A friend has relatives in South Korea who own a sesame seed farm.  I was lucky enough to score the mother load of toasted sesame seeds from her, and now im just exploring ways to use them up ( other than taking a pinch every time I pass the jar of them).


----------



## Andy M. (Jul 28, 2019)

Since toasted sesame seeds are what you have, try a small batch with toasted seeds. Worst that could happen you scrape off burnt seeds.


----------



## taxlady (Jul 28, 2019)

When I see them making bagels a Saint Viateur Bagel, they use untoasted sesame seeds. They get plenty toasted while the bagels are baking. I don't know if the fact that they use a wood fired bagel oven makes a difference with the seeds.

But, I do like Andy's suggestion. My experience with home toasted sesame seeds is that they don't stay fresh as long as raw ones. The oil seems to develop an off flavour.


----------



## GotGarlic (Jul 28, 2019)

taxlady said:


> When I see them making bagels a Saint Viateur Bagel, they use untoasted sesame seeds. They get plenty toasted while the bagels are baking. I don't know if the fact that they use a wood fired bagel oven makes a difference with the seeds.
> 
> But, I do like Andy's suggestion. My experience with home toasted sesame seeds is that they don't stay fresh as long as raw ones. The oil seems to develop an off flavour.

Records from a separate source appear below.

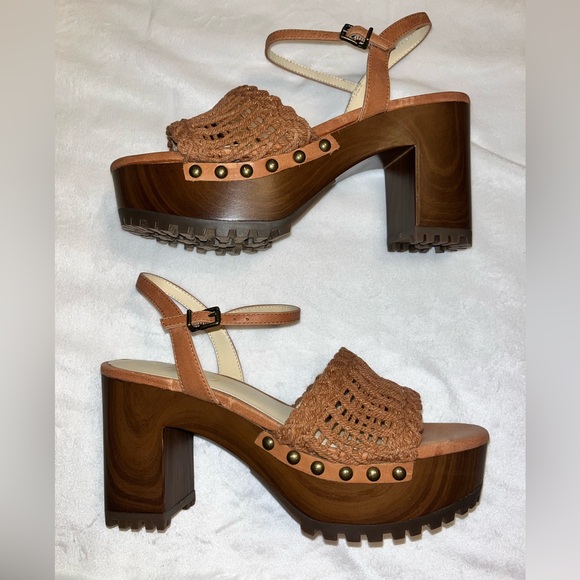 JessicaSimpson Shoes - Jessica Simpson Platform Versatile wear Withdresses,pants,skirts,shorts Brandnew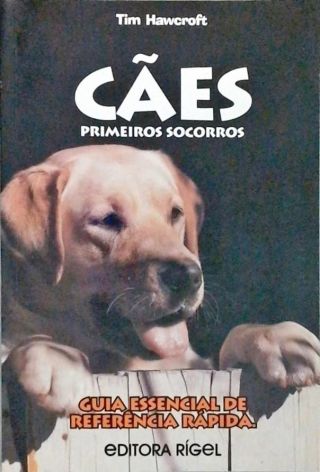 Cães- Primeiros Socorros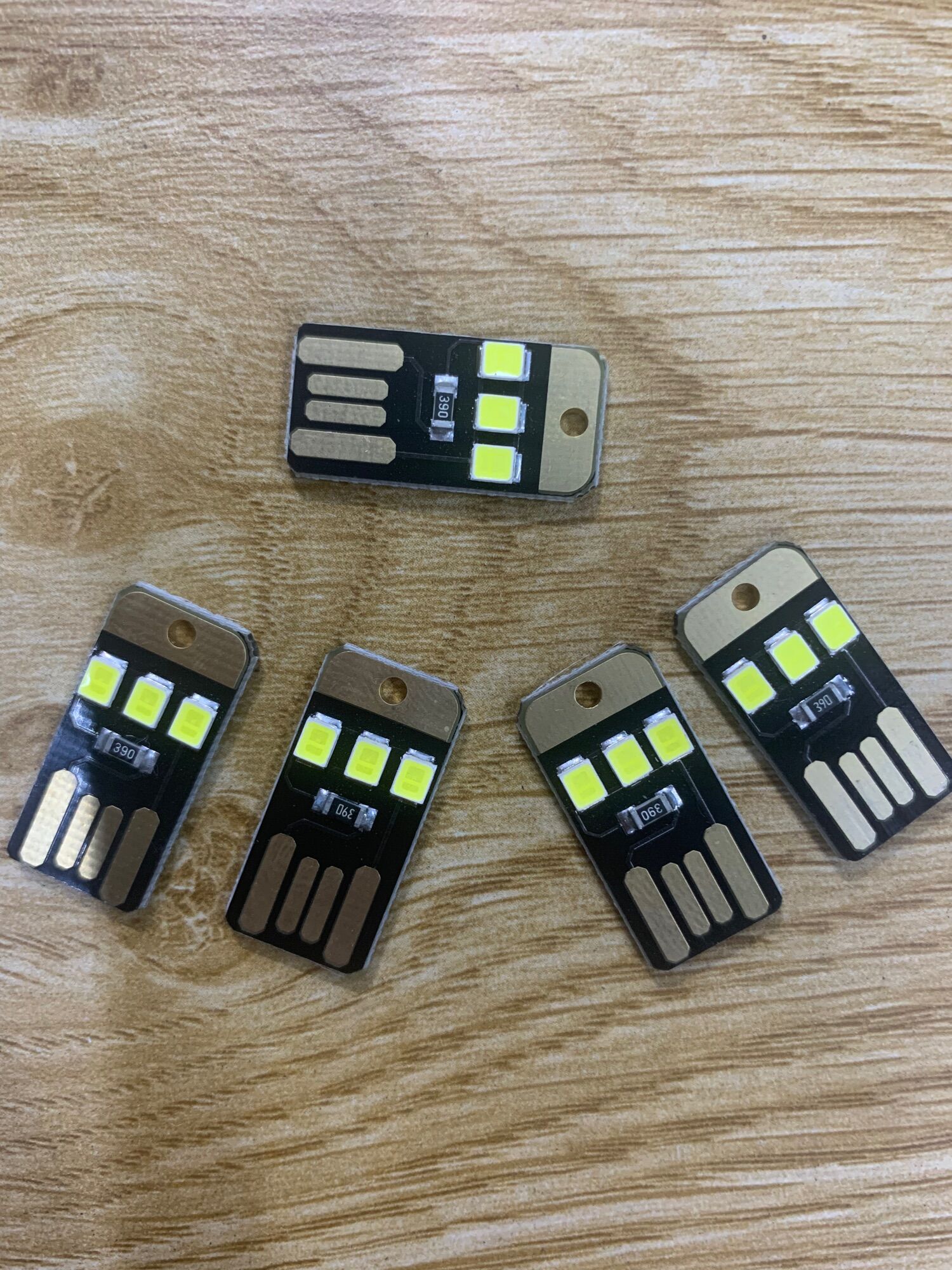 [HCM]Đèn Led Mini Usb 5v Bỏ Túi Tiện Dụng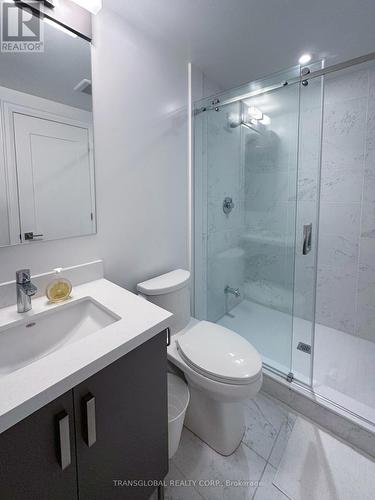 Th42 - 55 Gandhi Lane, Markham, ON - Indoor Photo Showing Bathroom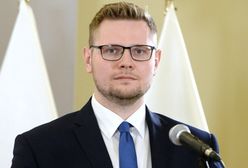 Michał Woś: "Pani ambasador powinna pójść na jakąś prelekcję"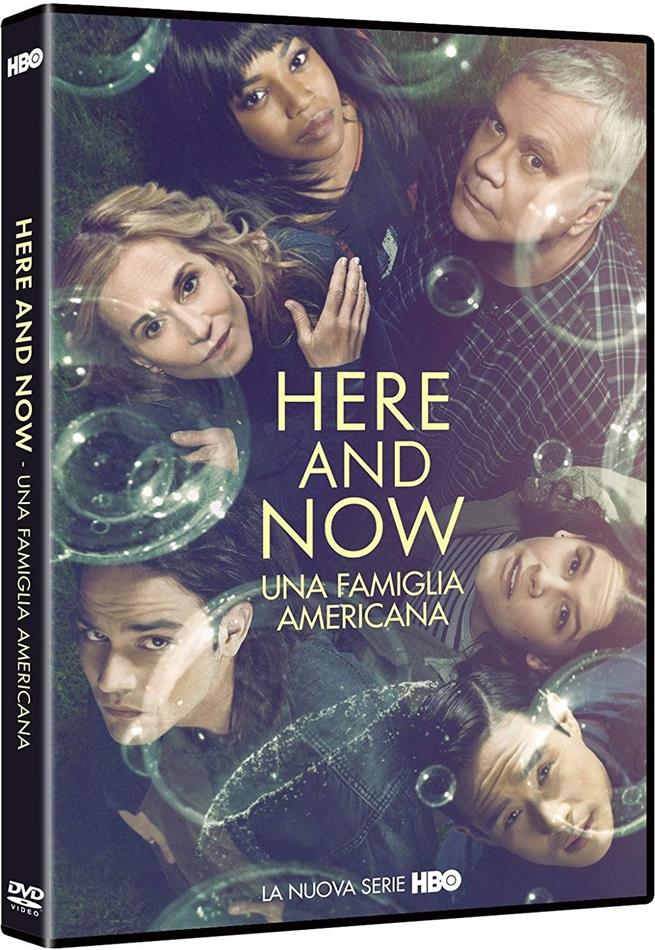 Here and Now - Una famiglia americana 4 DVDs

I keep sesame seeds in the freezer so they don't go rancid.

Larry, how long do you bake the bagels? I got a big bag of toasted sesame seeds in a Middle Eastern grocery store and I put them on burger buns before baking them for about 10 minutes. They don't burn.


----------



## Andy M. (Jul 28, 2019)

Bagels take longer than ten minutes. I cook mine for 34-35 minutes and I make mine smaller that bagel shop size.


----------



## larry_stewart (Jul 28, 2019)

I haven't made bagels in awhile, but now the sesame seeds are giving me the itch to make them.  I dont have a go to recipe.   At the rate im picking at them though, I my not have any left by the time I get to it.


----------



## GotGarlic (Jul 28, 2019)

I guess you'll have to experiment, then - if you get a chance to make them


----------



## Andy M. (Jul 28, 2019)

larry_stewart said:


> I haven't made bagels in awhile, but now the sesame seeds are giving me the itch to make them.  I dont have a go to recipe.   At the rate im picking at them though, I my not have any left by the time I get to it.

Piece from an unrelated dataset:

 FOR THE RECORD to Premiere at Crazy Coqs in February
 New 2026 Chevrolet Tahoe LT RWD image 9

You could mix the seeds into the dough instead of sprinkling them on top. That's what I do with toasted onion flakes when I make onion bagels.


----------



## CharlieD (Jul 28, 2019)

when i make challah, i use toasted sesame seeds, and they only get better, tastier.


----------



## msmofet (Jul 28, 2019)

Tahini then hummus.


----------



## larry_stewart (Jul 28, 2019)

msmofet said:


> Tahini then hummus.



Not a bad idea.

Im actually having guests over next weekend and hummus was on the list.  Maybe ill give tahini a go.  Ive never done it before.


----------



## pepperhead212 (Jul 29, 2019)

Traditional tahini is made with raw sesame seeds, though you could make a toasted version - I always add a little dark sesame oil to give the regular hummus some flavor, and that would probably do the same thing.   

When I toast sesame it only takes about 15 min. at 350º, so topping bagels, buns, or anything that will bake a lot longer, with toasted seeds will probably darken them too much.

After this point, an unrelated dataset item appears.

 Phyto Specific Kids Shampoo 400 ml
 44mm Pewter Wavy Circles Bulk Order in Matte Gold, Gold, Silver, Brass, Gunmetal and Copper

I remember a version of satay sauce I had one time that had ground up sesame, instead of peanuts it it.  I've also made many recipes just calling for a Tb of toasted sesame seeds.  I keep a jar in the refrigerator freezer, just for these things.


----------



## CharlieD (Jul 29, 2019)

GotGarlic said:


> I keep sesame seeds in the freezer so they don't go rancid.
> 
> Larry, how long do you bake the bagels? I got a big bag of toasted sesame seeds in a Middle Eastern grocery store and I put them on burger buns before baking them for about 10 minutes. They don't burn.





Care to share your burger buns recipe please?


----------



## GotGarlic (Jul 30, 2019)

CharlieD said:


> Care to share your burger buns recipe please?


Sure. This is the one I use: https://www.geniuskitchen.com/recipe/40-minute-hamburger-buns-183081


----------



## CharlieD (Jul 31, 2019)

GotGarlic said:


> Sure. This is the one I use: https://www.geniuskitchen.com/recipe/40-minute-hamburger-buns-183081





Thank you.


----------



## taxlady (Jul 31, 2019)

GotGarlic said:


> Sure. This is the one I use: https://www.geniuskitchen.com/recipe/40-minute-hamburger-buns-183081



That looks like a nice easy recipe. Thanks for sharing it. Do you have any "tweaks" or tips for that recipe? I want to try it if my yeast still works.


----------



## GotGarlic (Jul 31, 2019)

taxlady said:


> That looks like a nice easy recipe. Thanks for sharing it. Do you have any "tweaks" or tips for that recipe? I want to try it if my yeast still works.


The only thing I do differently is to press down on the buns a little right before putting them into the oven. The recipe says to roll them into balls; I found that resulted in buns that were too tall and a tad too small across.


----------



## Andy M. (Jul 31, 2019)

GotGarlic said:


> The only thing I do differently is to press down on the buns a little right before putting them into the oven. The recipe says to roll them into balls; I found that resulted in buns that were too tall and a tad too small across.



Thanks, GG. I copied this recipe too. Also thanks for the tip.


----------



## taxlady (Jul 31, 2019)

Thanks GG. I'll be checking on that yeast soon. If it still works, I will making these as soon as it isn't quite so hot here.


----------



## GotGarlic (Jul 31, 2019)

Andy M. said:


> Thanks, GG. I copied this recipe too. Also thanks for the tip.





taxlady said:


> Thanks GG. I'll be checking on that yeast soon. If it still works, I will making these as soon as it isn't quite so hot here.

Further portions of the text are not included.